Fernando Gross – 03/2018 Centro Cristão de Estudos Judaicos

"Ora, os caminhos do Senhor são muitos, embora Ele próprio seja o Caminho. Pois, Ele chama-se a si mesmo caminho, e mostra a razão porque fala assim: Ninguém vai ao Pai senão por mim (Jo 14,6). Devemos, portanto, examinar e avaliar muitos caminhos, para encontrarmos, por entre os ensinamentos de muitos, o único caminho certo, o único que nos conduz à vida eterna. Há caminhos na Lei, caminhos nos profetas, caminhos nos Evangelhos e nos apóstolos, caminhos nas diversas obras dos mestres. Felizes os que andam por eles, movidos pelo temor do Senhor". (Dos tratados sobre os Salmos, de Santo Hilário, bispo – Os 127, 1-3; CSEL 24, 628-630 – Século IV).

"Mas Abraão lhe disse: Se não escutam a Moisés, nem aos Profetas, eles não acreditarão, mesmo que alguém ressuscite dos mortos". (Lc 16,31)

Aprendendo com as tradições paternas (Gl 1,14)

A Importância das fontes judaicas para um cristão – Pierre Lenhardt[1]

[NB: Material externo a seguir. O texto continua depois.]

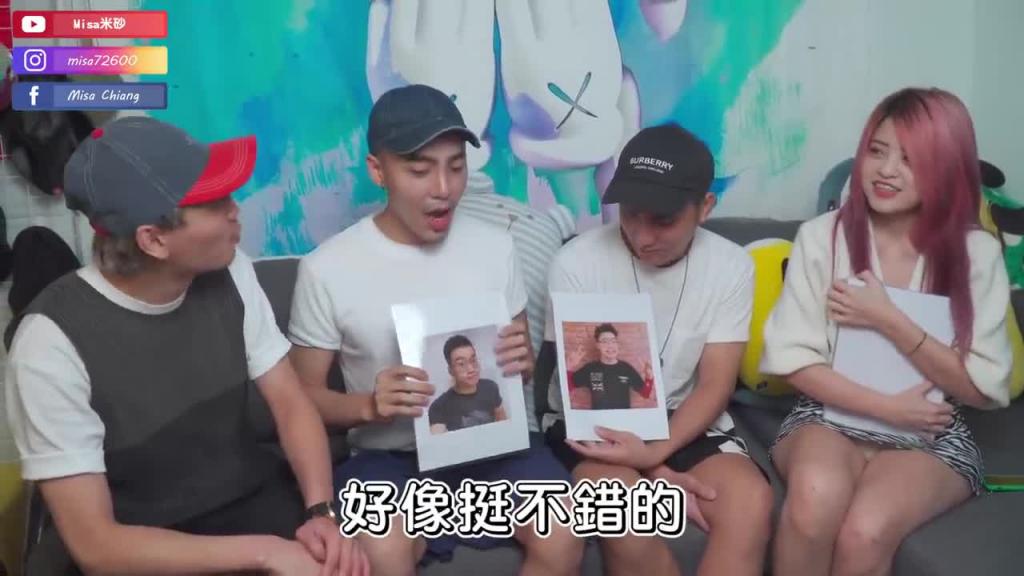 直男必需懂的同志老湿姬夜生活教学!男同志天菜 预览截图 8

A importância vital das fontes judaicas
A Torah Una do Deus Uno
O vai e vem do cristianismo ao judaísmo e do judaísmo ao cristianismo

"As fontes judaicas que eu frequento intensamente já há numerosos anos, tiveram uma importância vital para o cristão que eu sou" (Irmão
Pierre Lenhardt – 90 anos NDS).
Gostaria muito que essa importância fosse reconhecida por todos os cristãos e que os cristãos sempre em maior número se engajassem no estudo das fontes judaicas. Vou me apoiar sobre a experiência adquirida no contato de Israel e de sua Tradição religiosa, já que não tenho uma notoriedade doutoral... Minhas posições pessoais são aquelas de um católico, não me opondo de modo algum às outras confissões cristãs. Mas quero ser bem claro, o quanto possível for sobre minha identidade, para tratar sobre a importância que tiveram para mim os estudos judaicos.
Como católico, começo por dizer que as fontes judaicas que considero importantes são as mesmas que servem de referência a todos os judeus tomando emprestado o evangelho de Marcos 7,13, com uma fórmula oportuna. Espero de verdade de que os judeus e o judaísmo de que fala a Igreja Católica, quando evoca o patrimônio comum ao judaísmo e cristianismo, quando ela fala da identidade judaica e da identidade cristã, quando ela afirma: a Antiga Aliança nunca foi revogada, anulada, sejam aqueles judeus e o judaísmo que foram os da continuidade farisaica. Sem dúvida, quando a Igreja católica firmou em dezembro de 1993 um acordo fundamental entre o Estado de Israel e a Santa Sé, reconheceu que esse Estado representa o povo judeu e por consequência os outros judeus que identificam com essa continuidade dos fariseus. Israel sempre será a referência comum a todos os judeus: judeus "religiosos", ortodoxos, conservadores, "reconstrucionistas", judeus liberais "não religiosos", secularizados, agnósticos, ateus, antirreligiosos. Nem os escritos de Spinosa, nem os de Marx ou os de Freud, ou outros que possam ser apreciados a partir de sua língua, de sua cultura, ou de seus gostos literários, não são para mim fontes judaicas.
As fontes judaicas são para mim, antes de tudo, aquelas que os mestres fariseus e seus sucessores reconheceram como Palavra de Deus, como Torah. Eu me apoio sobre aquilo que o profeta Isaías  escutou (Is 2,3): "de Sião sairá a Lei, e de Jerusalém a Palavra do Senhor". Sem dúvida, segundo o profeta, será no fim dos tempos que as nações dirão isso. Mas para mim, cristão, esse final dos tempos já começou com a ressurreição de Jesus Cristo. Desse modo eu posso, portanto, dizer com ele, e com meus irmãos cristãos da gentilidade, e com os judeus, que se tornaram cristãos ou não, que de Sião veio a Torah e de Jerusalém a Palavra do Senhor. Pelo meu batismo, faço parte de uma Igreja que diz com Jesus Cristo, em referência ao profeta Isaías que citamos antes: "Nós, nós adoramos aquilo que nós conhecemos, pois a salvação vem dos judeus" (Jo 4,22). Afirmando isso, não estou introduzindo uma separação entre a Palavra do Senhor, a Torah que vem de Sião, isto é, os judeus segundo Is 51,16 e Jesus Cristo que, para mim, em Pessoa é a Torah. Eu não separo mais a salvação que vem dos judeus da salvação que, para mim, vem de Jesus Cristo, o Messias, rebento de Davi.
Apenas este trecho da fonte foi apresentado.